> [Work task] Only some lines are wanted: please transcribe exactly those from the one containing "A rectangular Moroccan" through the end of the data, pictures excluded.

> [Data shown]
━━━━━━━━
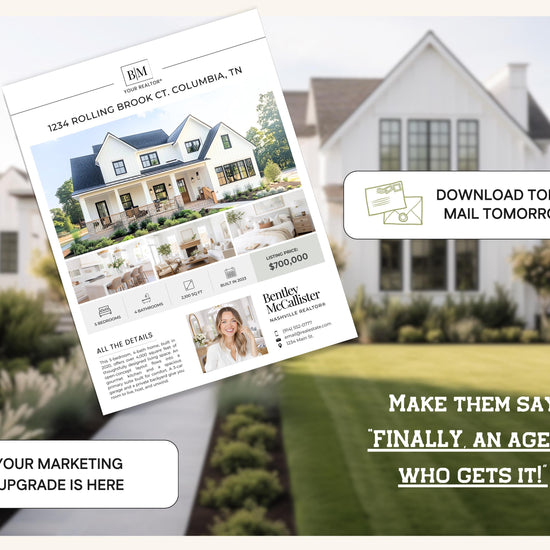 The image is an advertisement for a real estate agent named Beulie & Mclellan Realty, featuring a large house in the background and a woman posing in front of the house.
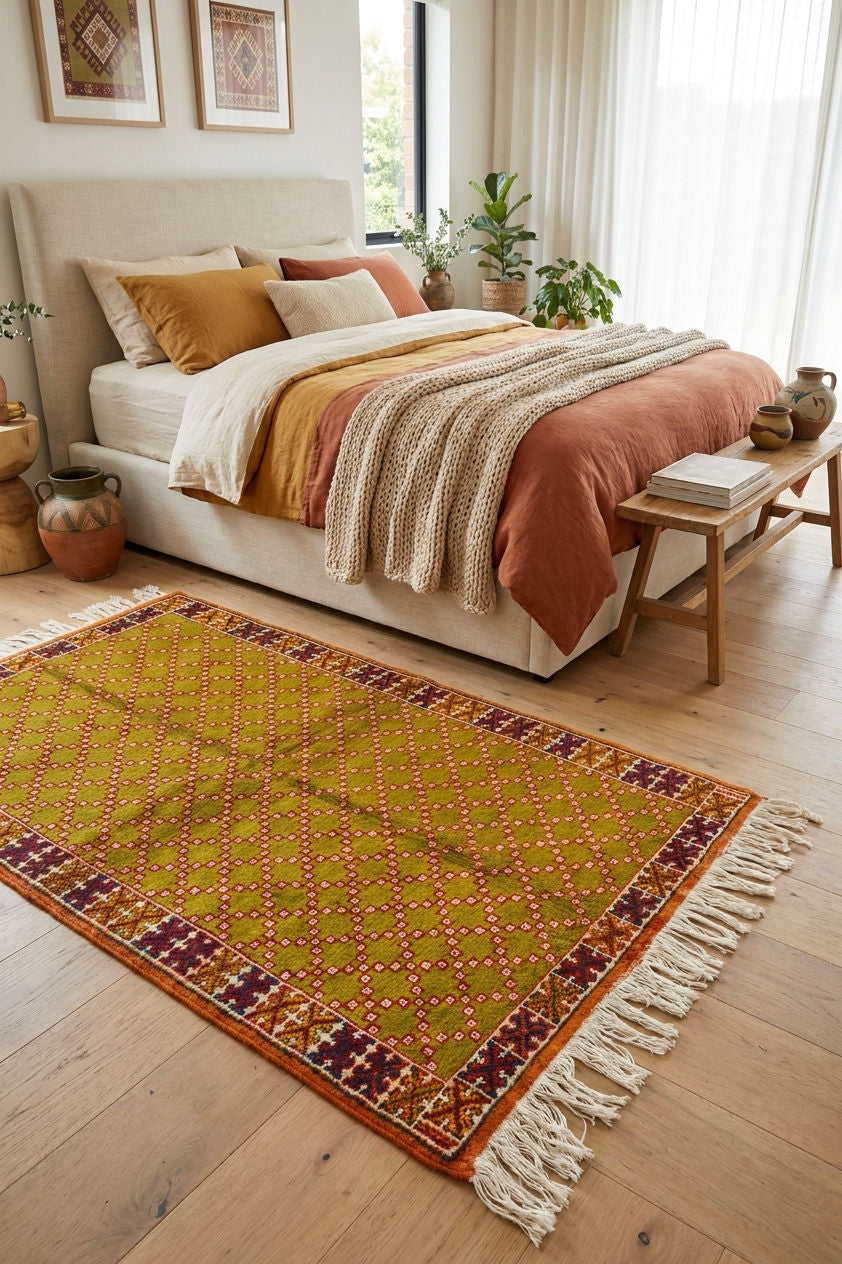 A rectangular Moroccan Vintage area rug with a mustard yellow center, orange and red geometric borders, and cream fringe, styled in a bright, modern bedroom next to a bed with neutral-toned bedding.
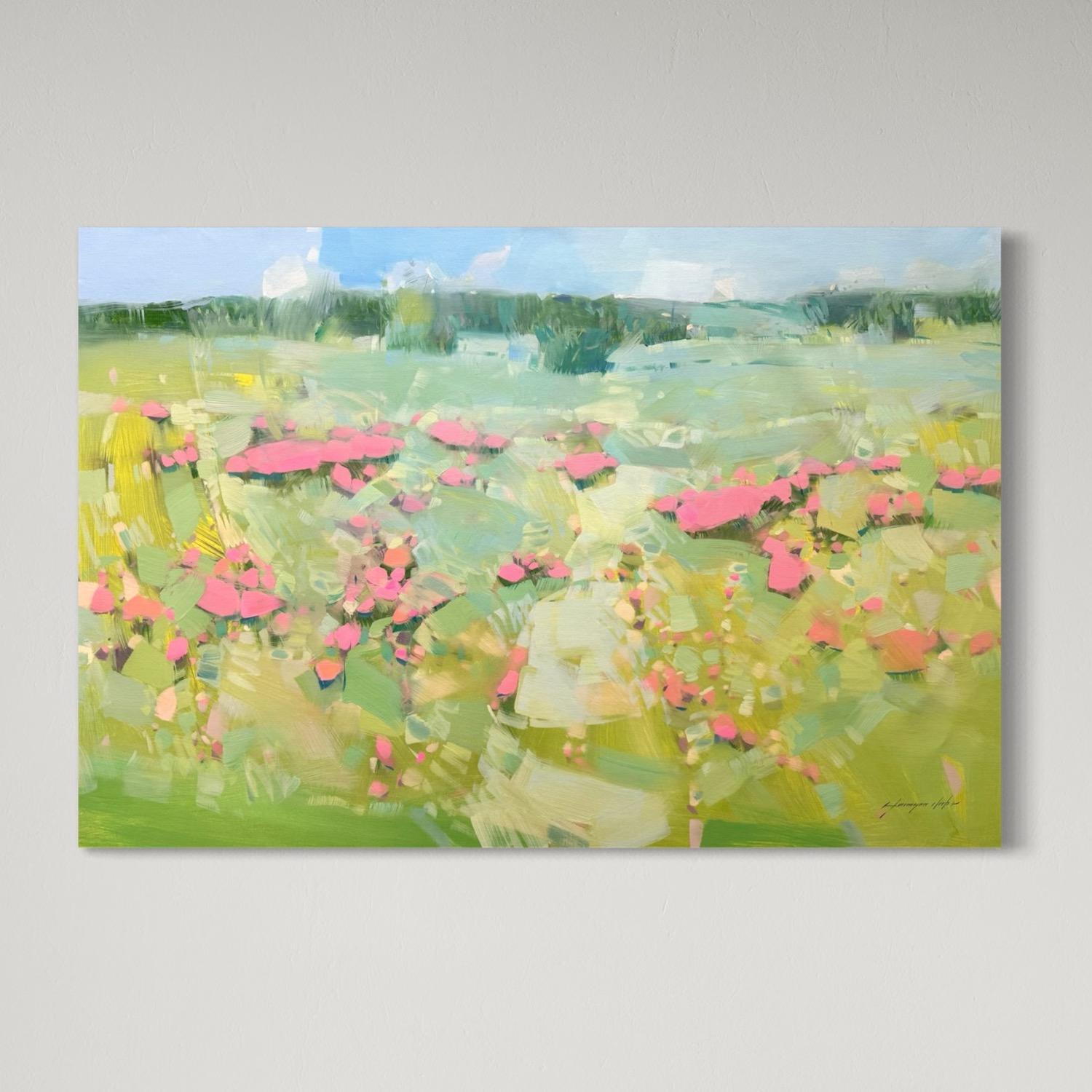 Pink Meadow Impressionism Original oil Painting, Ready to Hang For Sale 2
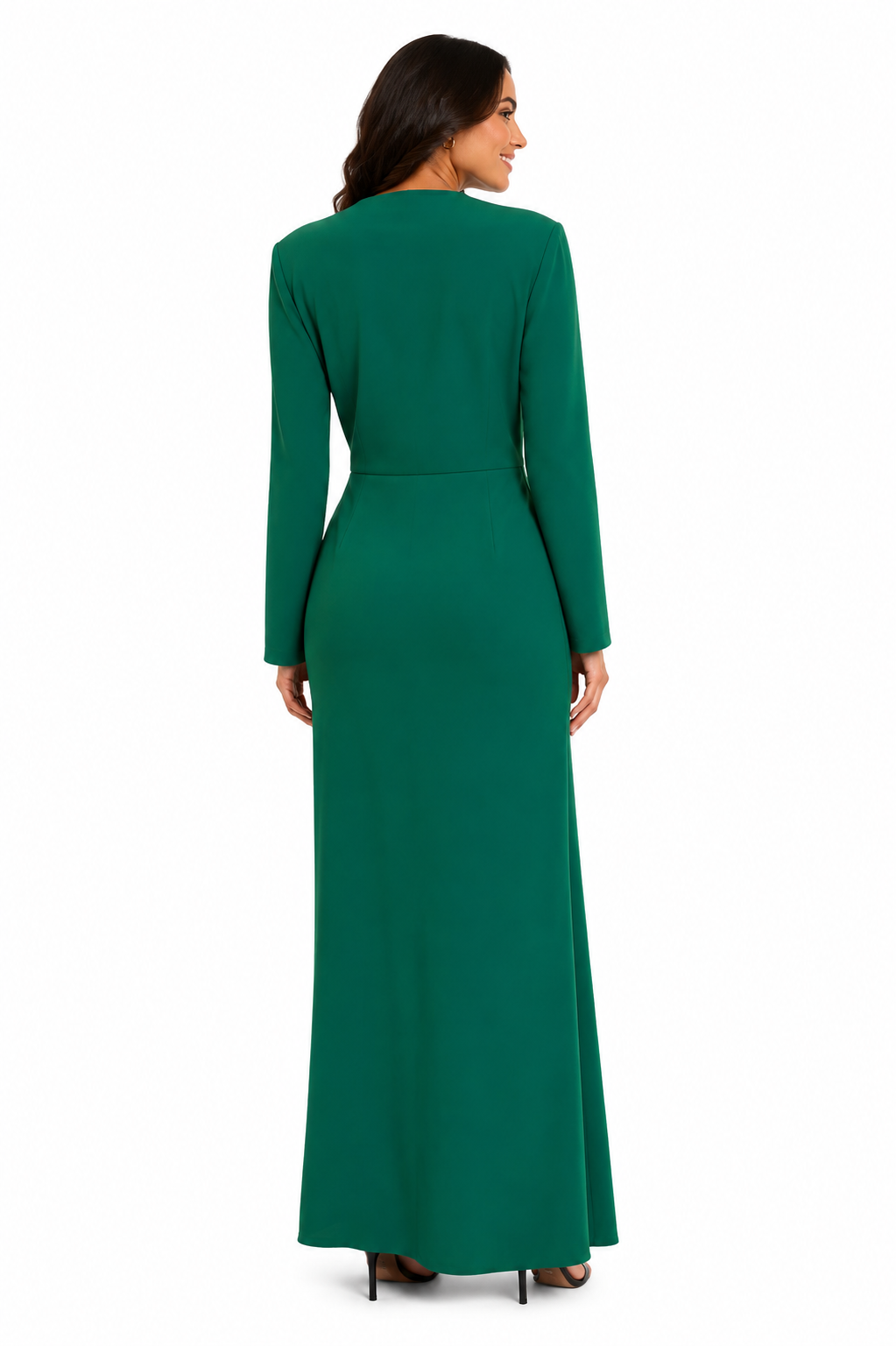 Arriendo de vestido verde largo con tajo y mangas Lady Pipa España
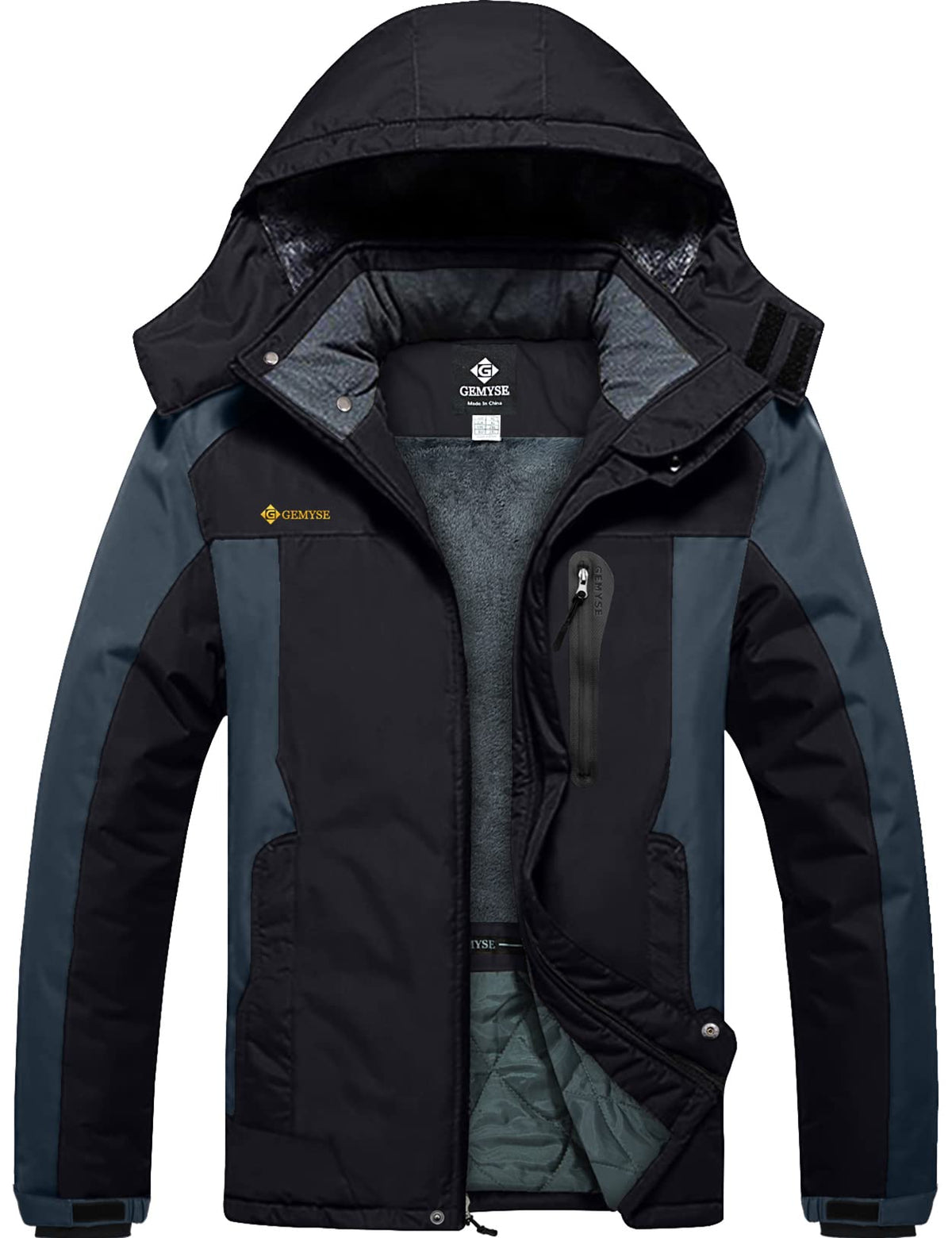 GEMYSE Men's Winter Ski Jacket Waterproof Snow Coat with Detachable Hood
━━━━━━━━
> [Answer below]
 A rectangular Moroccan Vintage area rug with a mustard yellow center, orange and red geometric borders, and cream fringe, styled in a bright, modern bedroom next to a bed with neutral-toned bedding.
 Pink Meadow Impressionism Original oil Painting, Ready to Hang For Sale 2
 Arriendo de vestido verde largo con tajo y mangas Lady Pipa España
 GEMYSE Men's Winter Ski Jacket Waterproof Snow Coat with Detachable Hood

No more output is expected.